** Your objective **
Whatever lies between the line with "The landing lights" and the end of the data, both included, must be copied exactly and without pictures.

** Information provided **
****************************************

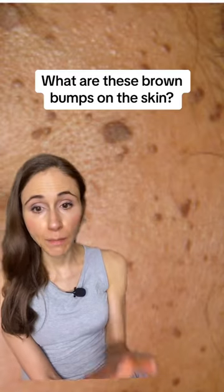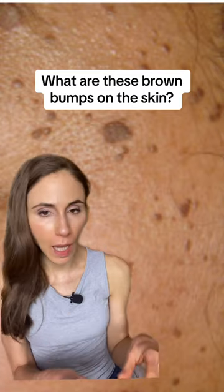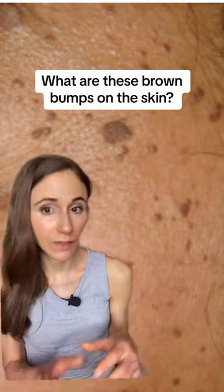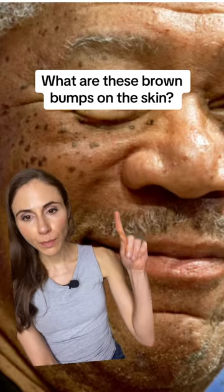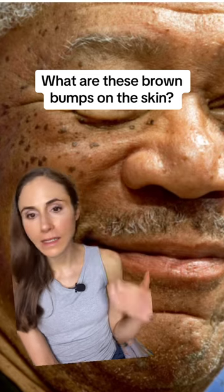Do you see these little brown bumps? Maybe you have them or you've seen them on someone else. These are called dermatosis papillosa nigra, or DPNs. They're really common in people who have a deeper skin tone. They often pop up around the eye, on the neck, and the sides of the face.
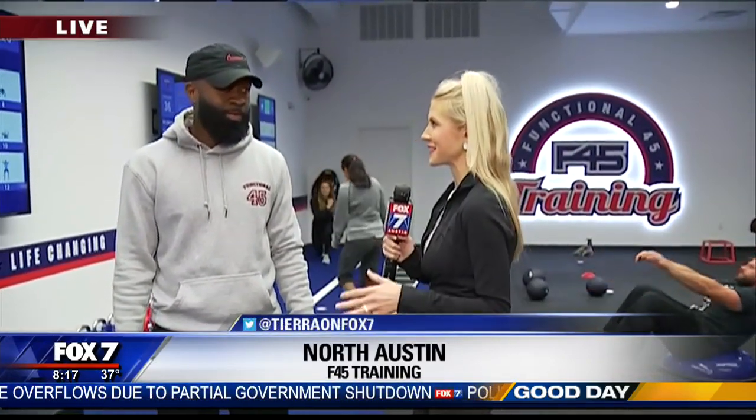I am here with Sean Rutherford. He is the head trainer at F45 Domain. Soft opening is happening now, grand opening Saturday.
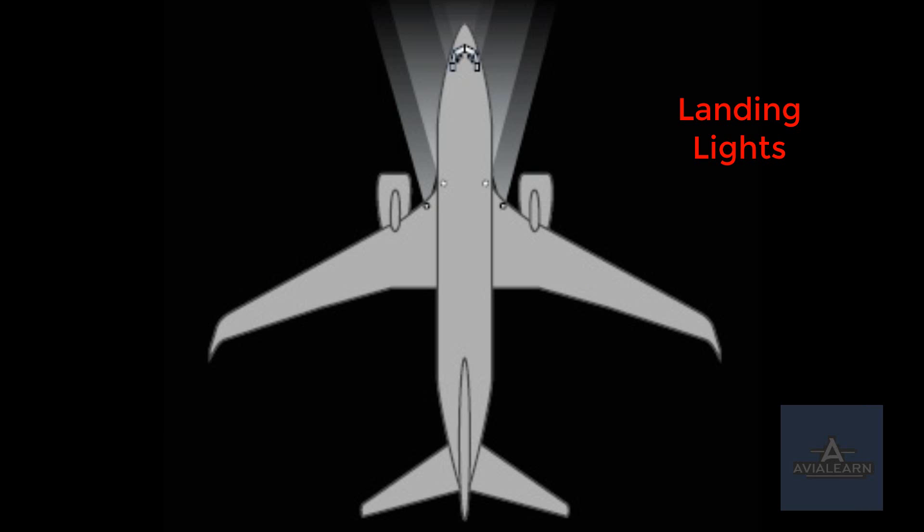The landing lights are used to increase the visibility of the aircraft to other pilots, controllers and personnel on the ground. They also, albeit to a fairly limited extent, illuminate the runway ahead of the aircraft. They are used during take-off, climb-out, approach and landing.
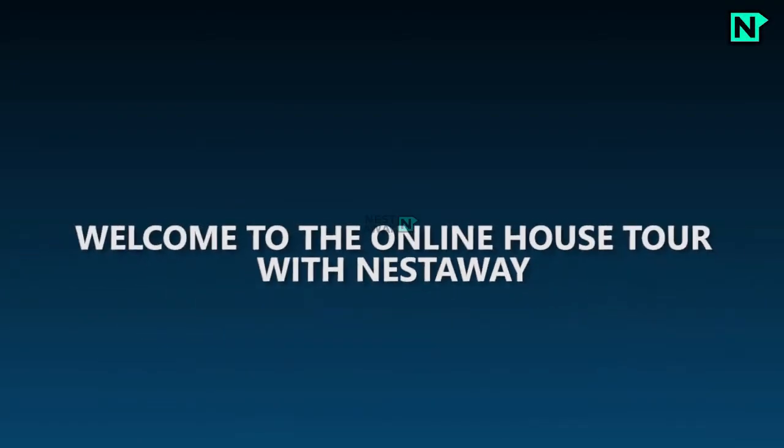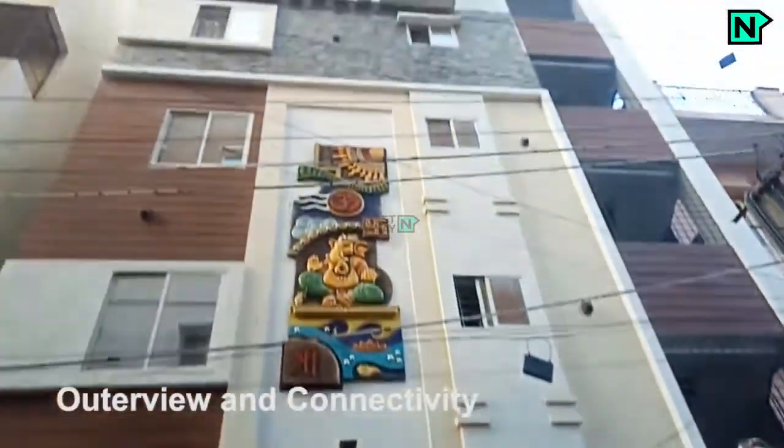Welcome to the online house tour with Nestaway. This is the outside view and connectivity of the property.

****************************************

** Output for this task **
The landing lights are used to increase the visibility of the aircraft to other pilots, controllers and personnel on the ground. They also, albeit to a fairly limited extent, illuminate the runway ahead of the aircraft. They are used during take-off, climb-out, approach and landing.
Welcome to the online house tour with Nestaway. This is the outside view and connectivity of the property.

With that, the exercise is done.